WORK TO COMPLETE — Please copy the lines below, exactly as they are, from the one with "Büro visualisiert - Dieses" through the one with "KM8J33A42HU582486 2017 HYUNDAI TUCSON", and leave out the pictures.
── ENTRIES SUPPLIED
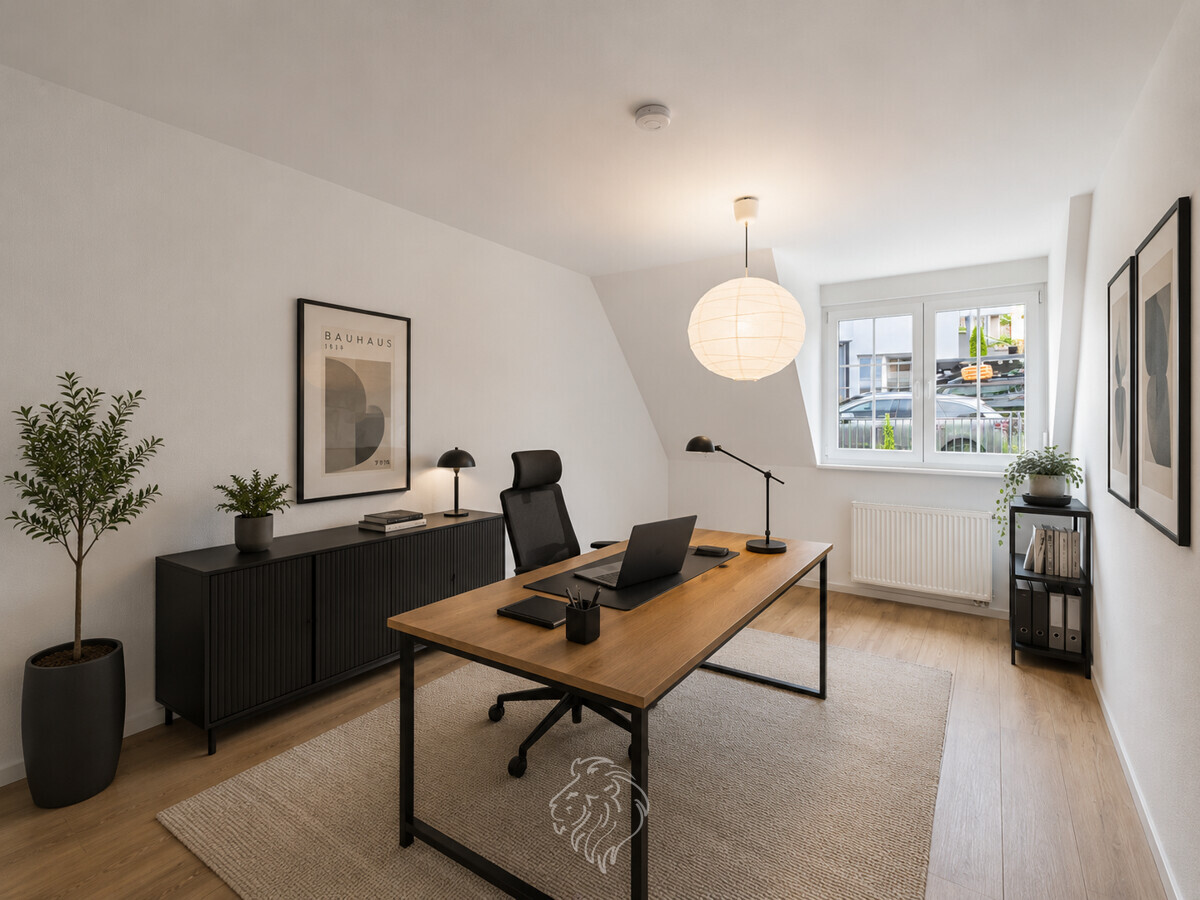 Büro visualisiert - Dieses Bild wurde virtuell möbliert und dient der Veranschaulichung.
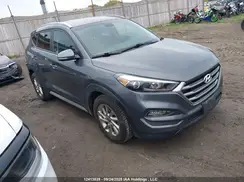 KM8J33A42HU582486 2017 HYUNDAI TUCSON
────
── ENTRIES SUPPLIED
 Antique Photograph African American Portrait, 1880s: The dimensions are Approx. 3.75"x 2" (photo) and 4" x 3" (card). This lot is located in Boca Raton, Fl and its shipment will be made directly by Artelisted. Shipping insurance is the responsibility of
────
WRITTEN REPLY —
 Büro visualisiert - Dieses Bild wurde virtuell möbliert und dient der Veranschaulichung.
 KM8J33A42HU582486 2017 HYUNDAI TUCSON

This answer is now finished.